A heap buffer overflow, tracked as CVE-2026-5450, exists within the scanf family of functions when using the %mc (malloc’d character match) specifier. This affects versions 2.7 through 2.43.
A bug in the buffer growth formula in _vfscanf_internal causes the system to under-allocate memory by exactly one byte during expansion. An attacker can achieve a controlled single-byte overwrite past the end of the heap buffer.
Real-world impact may be limited, as the %[width]mc format specifier “does not appear to have notable use in major Linux-based OS distributions”.
The ungetwc function, used for pushing back wide characters into a stream, is vulnerable to a potential buffer under-read (CVE-2026-5928). This impacts glibc version 2.43 and earlier.
A bug in the wide character pushback implementation causes ungetwc() to incorrectly operate on the regular character buffer instead of the wide-stream read pointer.

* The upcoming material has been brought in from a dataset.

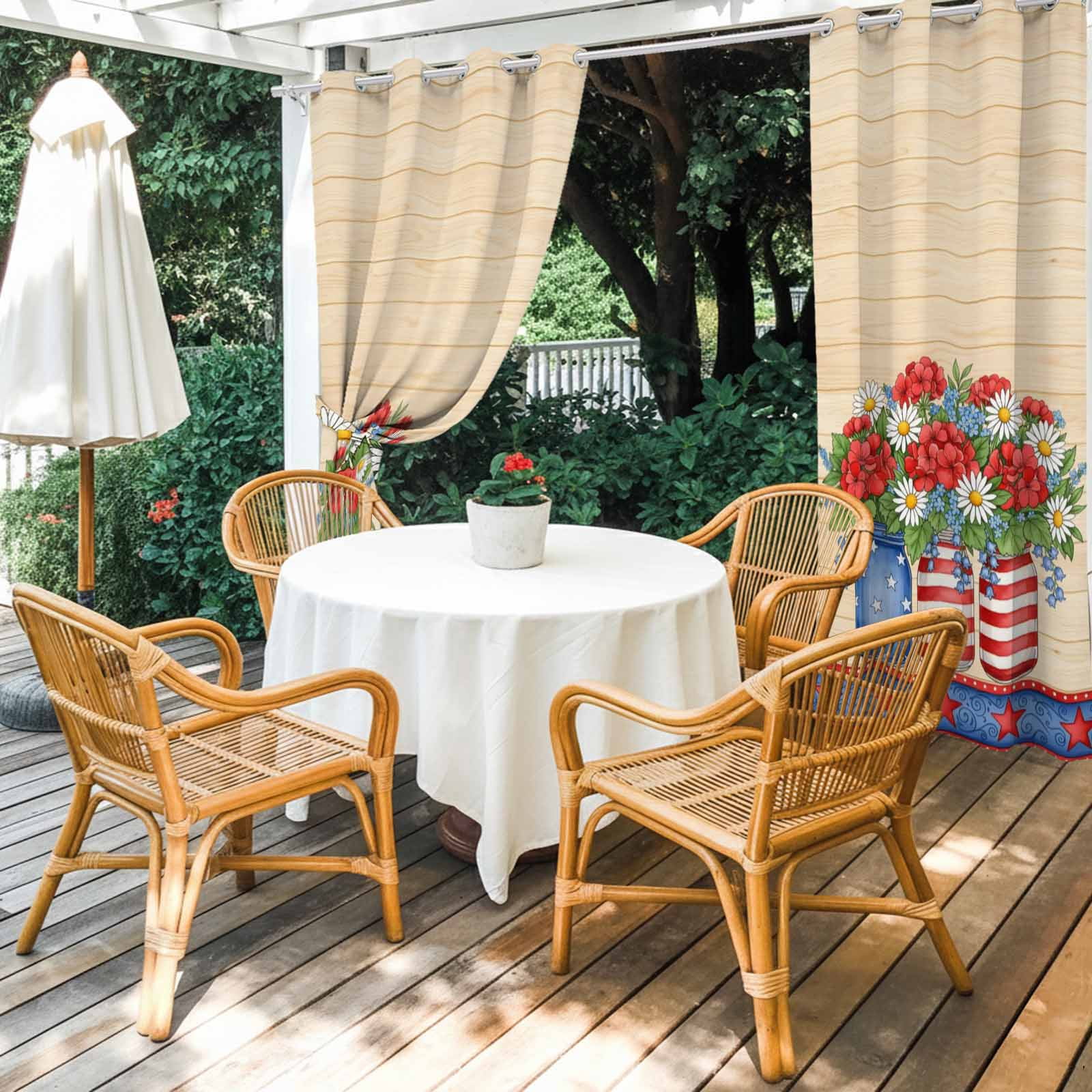 Independence Day Outdoor Curtains for Patio, Red Blue Floral Vase Star Heart Wood Grain Sunshade Privacy Drapes Grommet Waterproof Outside Curtains for Porch/Cabana/Balcony 54"x 108", 1 Panel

This may result in an “unintentional disclosure of neighboring data in the heap, or a program crash”.
The crash specifically occurs if the regular character buffer is uninitialized and points to NULL. Notably, this under-read cannot be triggered when using standard Unicode character sets.
While many of these vulnerabilities require specific, often “bespoke” use cases to exploit, they represent a significant risk to the stability and security of the Linux ecosystem. Developers and system administrators are encouraged to update their GNU C Library to a version beyond 2.43 to mitigate these risks.